The real issue is the perennial support establishment has provided PPP going back to Yahya days. Without this support, PPP will melt away within an election cycle.
Agree which is why the PPP Is kept alive by the Pakistani political establishment and their overlords the "neutrals" which uses PPP and their local henchmen (waderas and other corrupt figures in the business, media, clergy etc.) as loyal "soldiers" on the ground to do their bidding and control this part of Pakistan (Sindh). Not much different from how the Sharif's and their party operates in Punjab. Sindh is just the epitome of this corruption and "arrangement".
If anything Sindh (along with Balochistan) and arguably areas of KPK is in need of support/help from Islamabad and Rawalpindi and the Pakistani state as a whole and its institutions, instead people in those provinces are left to their own and in the hands of their local oppressors/corrupt people.
This on the other hand and more worryingly (in particular in Balochistan) creates antipathy/hatred towards the Pakistani state which fails in its duty (in their eyes and rightly so in many ways) to help those very same people and this way the cohesion of Pakistan suffers as a whole.
Not only that PPP is using (at least fractions within that useless party) ethnicity and the legitimate plights of Sindhi people and tries to gain a monopoly and act like saviors of Sindhi people.

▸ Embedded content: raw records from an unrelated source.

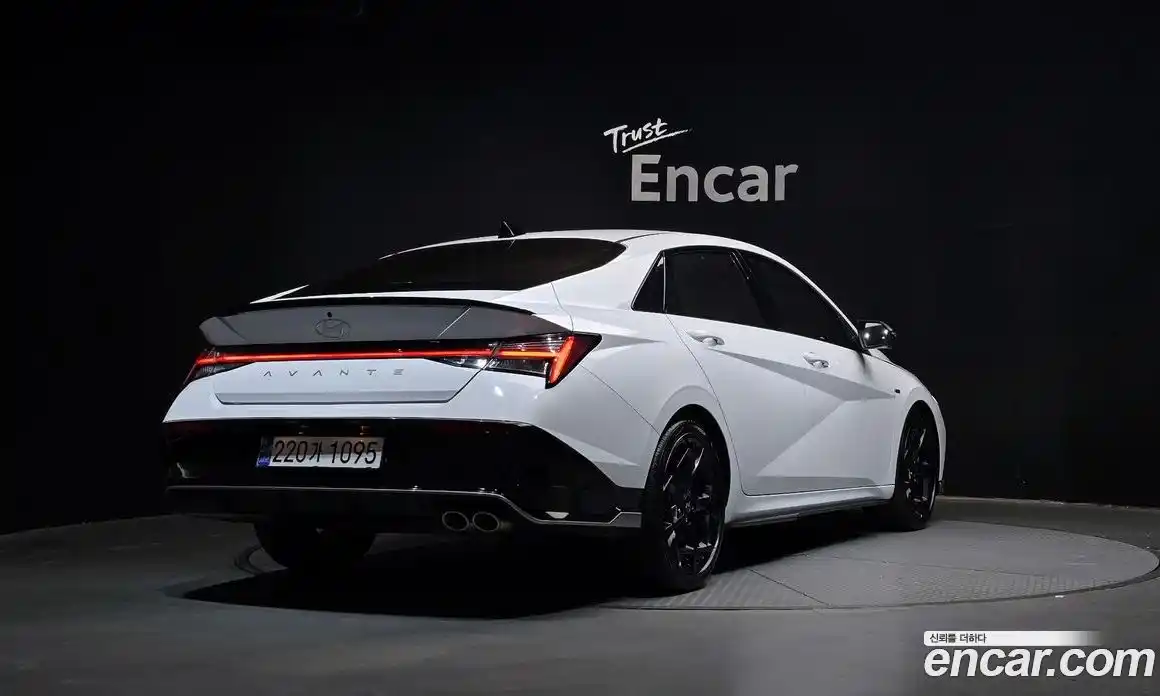 Hyundai Avante 2025 1.6 Автомат в Москве № 122682, фото 14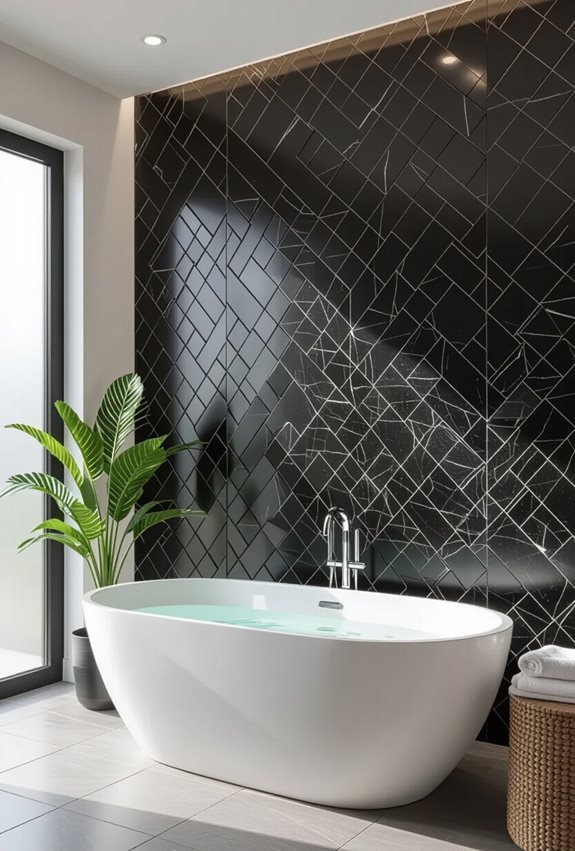 herringbone and chevron elegance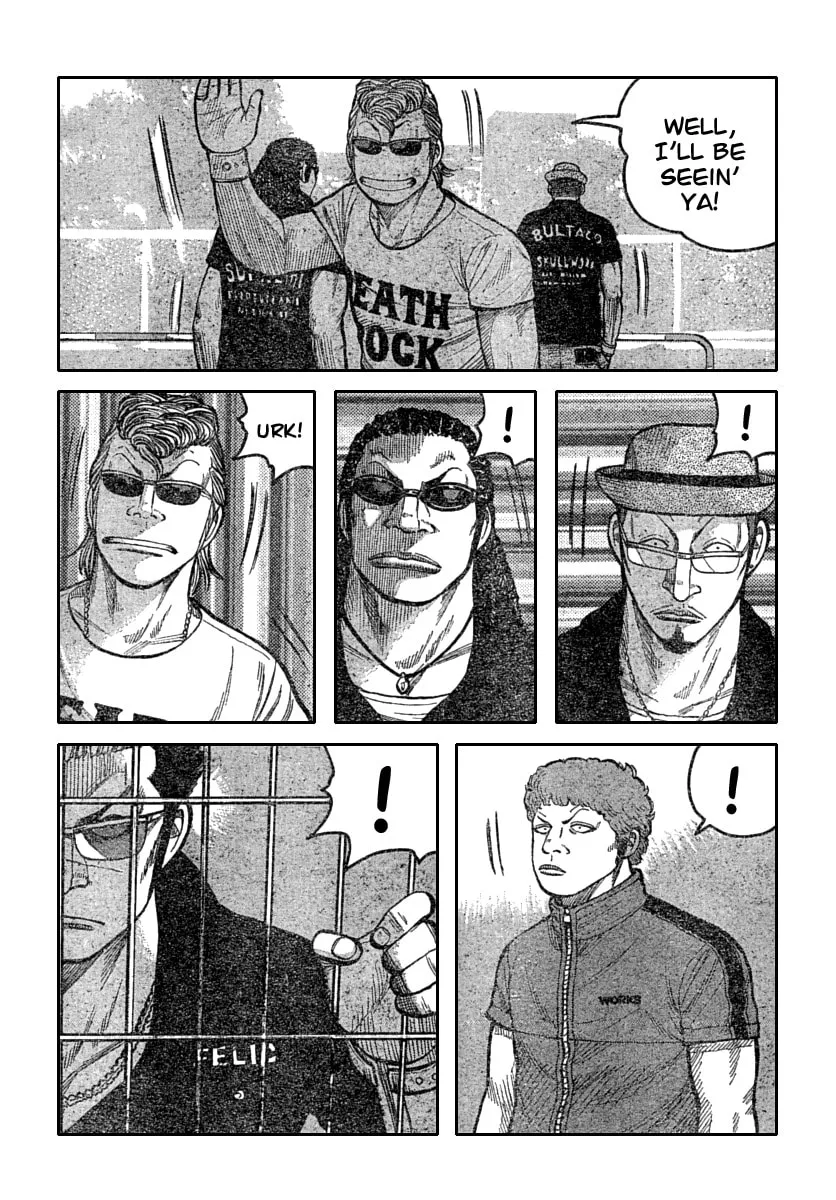 Worst Chapter 113 page 22 - 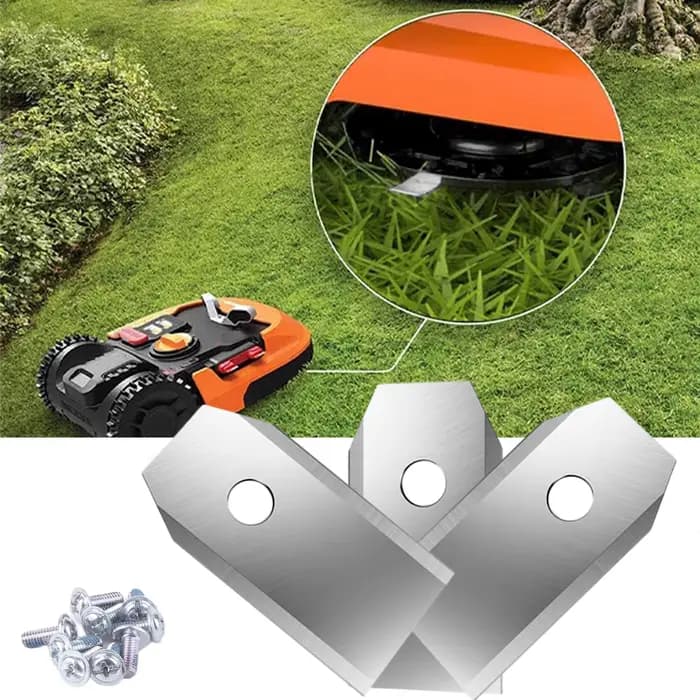 Lames de tondeuse à gazon robotisée Segway Navimow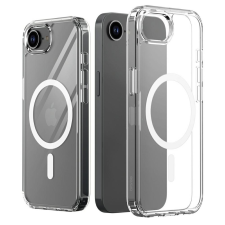 ARAREE Duple M MagSafe-kompatibilis tok iPhone 16e - átlátszó tok és táska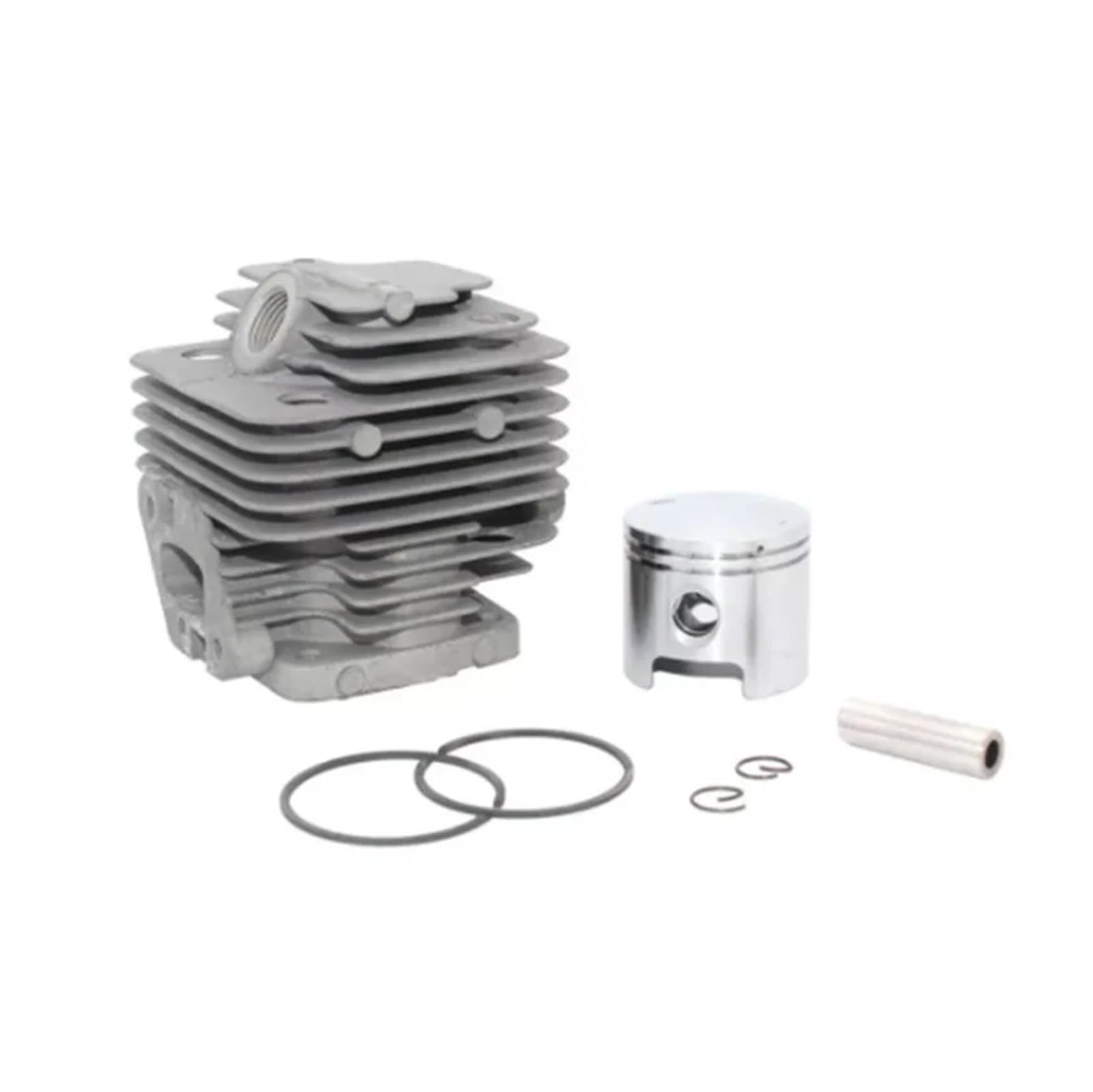 Dingmao Kit de pistón de cilindro de gran diámetro SRM-330ES, 38mm, Compatible con desbrozadora Ech0 SRM-360SL 10103455830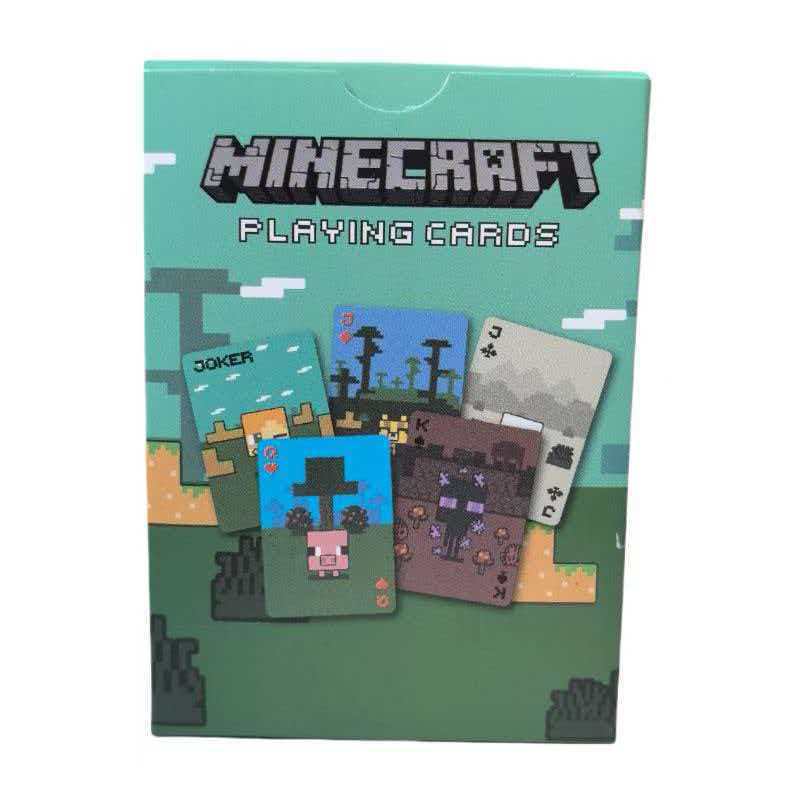 New Minecraft games, poker car - Board Game Card ulasan dan harga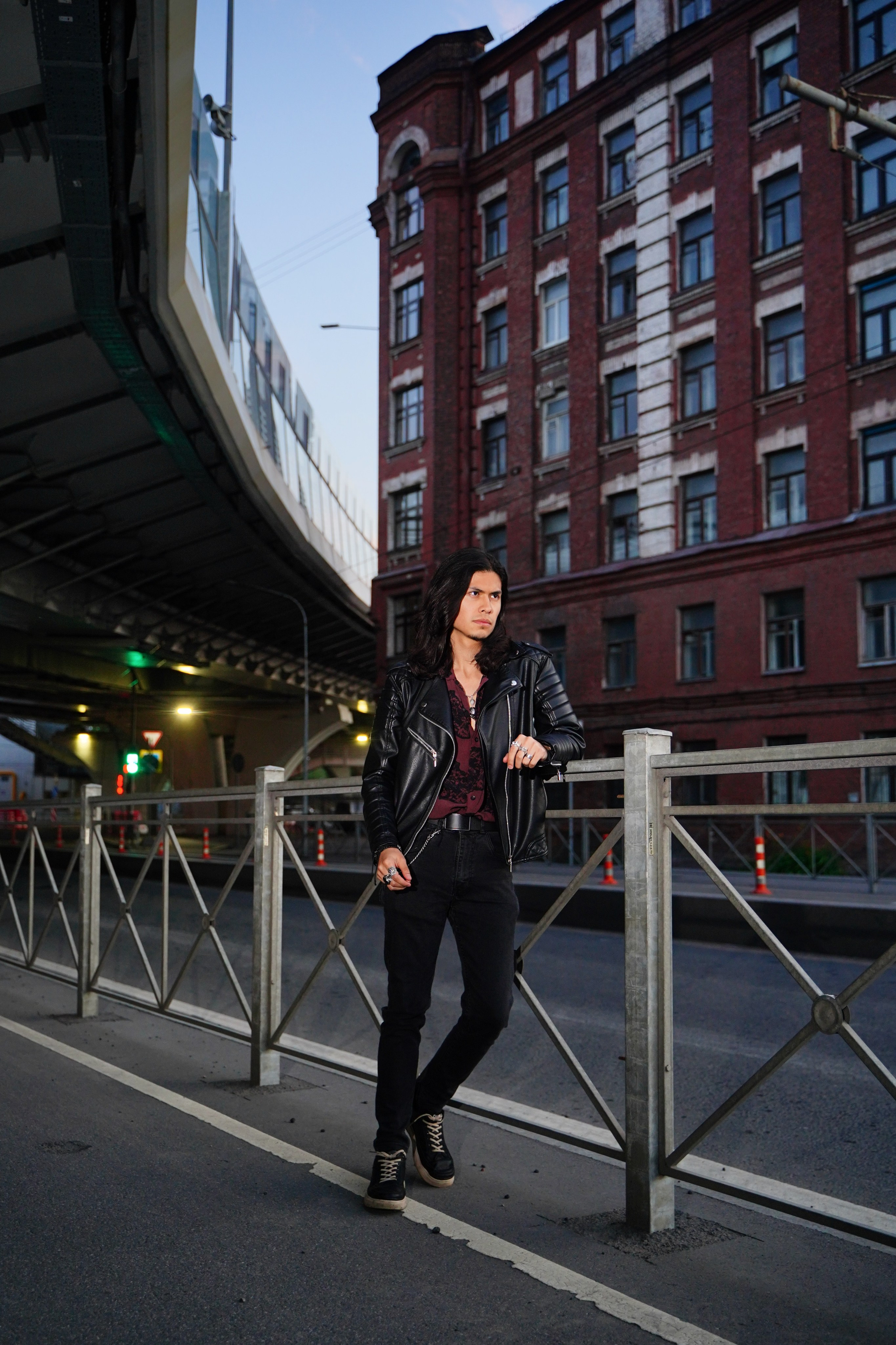 Съемки на улице. Фотограф Богдан Оськин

Their rhetoric in Sindhi is often very different from the one they use in Urdu when using Urdu.
In fact this is just cheap political rhetoric to a mostly ignorant (in many ways deliberately kept ignorant) local Sindhi populace, in particular in rural Sindh in regards to PPP and lack of other options.
So PPP of today (they were not always this bad) is just a consequence of the overall state of Pakistan and its institutions and the idea that Sindhis alone should revolt and change status quo makes little sense to me, as the betterment of Pakistan can only occur if the entire country is onboard and most importantly Pakistani state institutions ensure that there is judicial justice, law and order, much less corruption, functional government services etc.
The key to all this is obviously education and a more informed/educated local electorate. However this does not happen overnight and this is exactly what the waderas and the Pakistani elites does not want to occur as that would damage their firm grip on the country.
Of course locals in Sindh have a degree of blame, no doubt about this, but the solution lies elsewhere as I wrote as well as the main responsibility.